第2話 百鬼夜行

宵山はいつも雨だという気がする。


いやたぶんほんのこの数年だけのことなんだろうけど、夕方に夕立のような強い雨が降って、今年はもう中止かなって思ったら、夜になると嘘みたいに晴れる。そんなイメージが栞にはあった。


今年も例にもれずそんな天気で、午後7時を回った今の時間は星が見えそうなほどに澄み渡った晴れだった。いつもそれを祭を神様が見守っているからそんな風に雨を晴れに変えているのだと、そうだったらいいなと栞は毎年思っている。

宵山は祇園祭の前夜祭というべき祭りで、山鉾巡業して街を回る前に、その山鉾を拝観できる。夜には屋台が立ち並び、多くの人にとってはこっちを練り歩くのが定番だろう。浴衣を来た浮かれた人々が大量に、四条通りを烏丸に向かって歩いて行った。


栞は四条河原町カフェの3階から彼らを眺める。栞もまた今日は浴衣姿であった。紫牡丹の大振りな柄にアップスタイルにセットされた髪の毛は、道ゆく人々の中の誰よりも美しく夜に映える。しかしながら、今日の彼女が行くのは烏丸ではなくその反対、祇園である。

山鉾巡行までのおよそ一週間、祇園のクラブやラウンジでは浴衣で接客するのが通例だ。そのため、彼女もいつもより早く大学を抜けて、着付けをすませてあった。


祭りというのは不思議なものだと思う。そこに漂う雰囲気、音楽や匂いが作り出すものは人と人でないものの境を不明瞭にする。栞はそれを心地よいと思うし、その中に身を投じてトランス状態になることを尊いとも思う。


しかしながら、今の彼女にとっての最重要事項は基礎薬科学論のレポートを書き上げることである。栞は窓からPCに視線を移し、キーボードを打った。
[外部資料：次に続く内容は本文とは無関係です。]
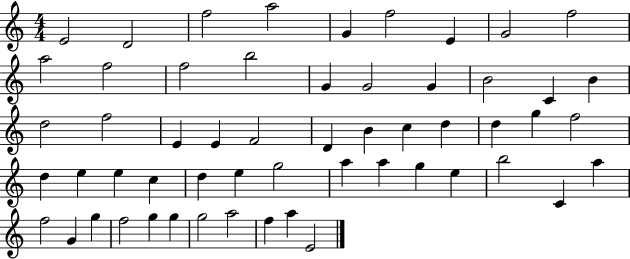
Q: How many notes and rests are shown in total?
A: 56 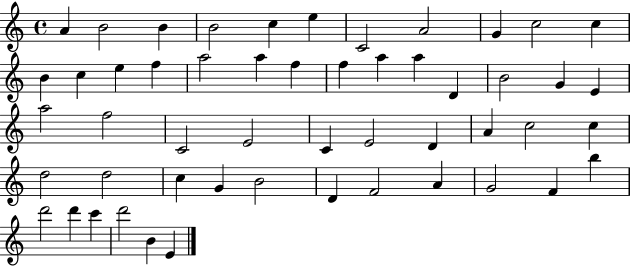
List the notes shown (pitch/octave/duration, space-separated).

A4/q B4/h B4/q B4/h C5/q E5/q C4/h A4/h G4/q C5/h C5/q B4/q C5/q E5/q F5/q A5/h A5/q F5/q F5/q A5/q A5/q D4/q B4/h G4/q E4/q A5/h F5/h C4/h E4/h C4/q E4/h D4/q A4/q C5/h C5/q D5/h D5/h C5/q G4/q B4/h D4/q F4/h A4/q G4/h F4/q B5/q D6/h D6/q C6/q D6/h B4/q E4/q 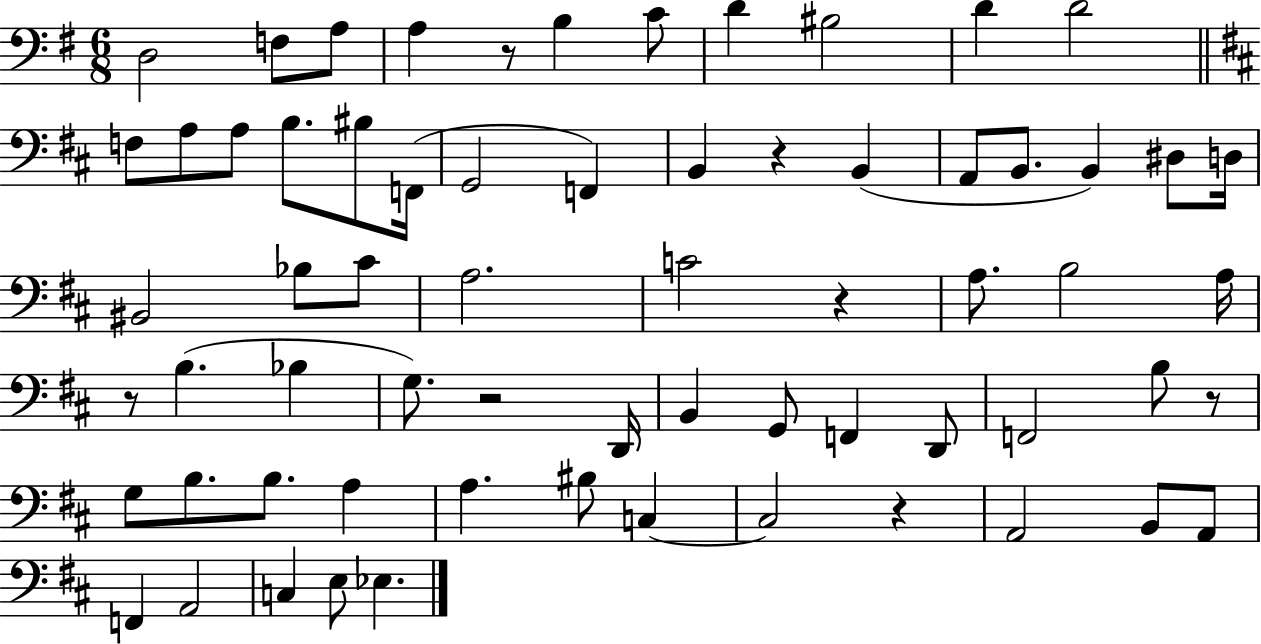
X:1
T:Untitled
M:6/8
L:1/4
K:G
D,2 F,/2 A,/2 A, z/2 B, C/2 D ^B,2 D D2 F,/2 A,/2 A,/2 B,/2 ^B,/2 F,,/4 G,,2 F,, B,, z B,, A,,/2 B,,/2 B,, ^D,/2 D,/4 ^B,,2 _B,/2 ^C/2 A,2 C2 z A,/2 B,2 A,/4 z/2 B, _B, G,/2 z2 D,,/4 B,, G,,/2 F,, D,,/2 F,,2 B,/2 z/2 G,/2 B,/2 B,/2 A, A, ^B,/2 C, C,2 z A,,2 B,,/2 A,,/2 F,, A,,2 C, E,/2 _E, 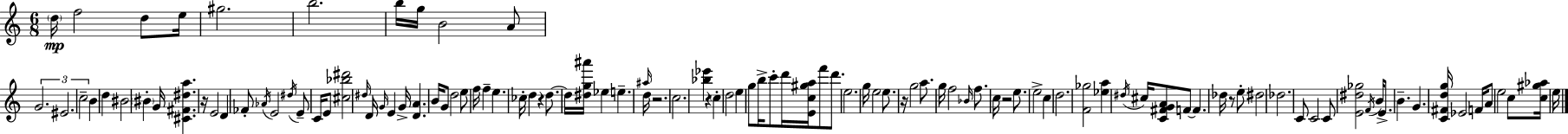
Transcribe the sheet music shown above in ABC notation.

X:1
T:Untitled
M:6/8
L:1/4
K:C
d/4 f2 d/2 e/4 ^g2 b2 b/4 g/4 B2 A/2 G2 ^E2 c2 B d ^B2 ^B G/4 [^C^F^da] z/4 E2 D _F/2 _A/4 E2 ^d/4 E/2 C/4 E/2 [^c_b^d']2 ^d/4 D/4 G/4 E G/4 [DA] B/4 G/2 d2 e/2 f/4 f e _c/4 d z d/2 d/4 [^dg^a']/4 _e e ^a/4 d/4 z2 c2 [_b_e'] z c d2 e g/2 b/4 c'/2 d'/4 [Ec^ga]/4 f'/2 d'/2 e2 g/4 e2 e/2 z/4 g2 a/2 g/4 f2 _B/4 f/2 c/4 z2 e/2 e2 c d2 [F_g]2 [_ea] ^d/4 ^c/4 [C^FGA]/2 F/2 F _d/4 z/2 e/2 ^d2 _d2 C/2 C2 C/2 [E^d_g]2 F/4 B/4 E/2 B G [C^Fdg]/4 _E2 F/4 A/2 e2 c/2 [c^g_a]/4 e/4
宵山の夜は過ぎ、いつもの仕事を終えて店を出ると、そこには浮かれた雰囲気はもはや微塵もなく、いつもの祇園が広がっていた。

違いはアフターに行く若い女がドレスではなく、浴衣であるっていう程度のことだ。

栞は、せっかく宵山なのだから、と思って今日はまっすぐ帰らず八坂神社に寄り道をすることにした。

八坂神社は祇園祭だからか深夜にも関わらず、祭の提灯が煌々とついている。夜に生える提灯を栞は美しいと思う。こういう光もまた、祭で人をトランス状態に投じる装置なのだろう。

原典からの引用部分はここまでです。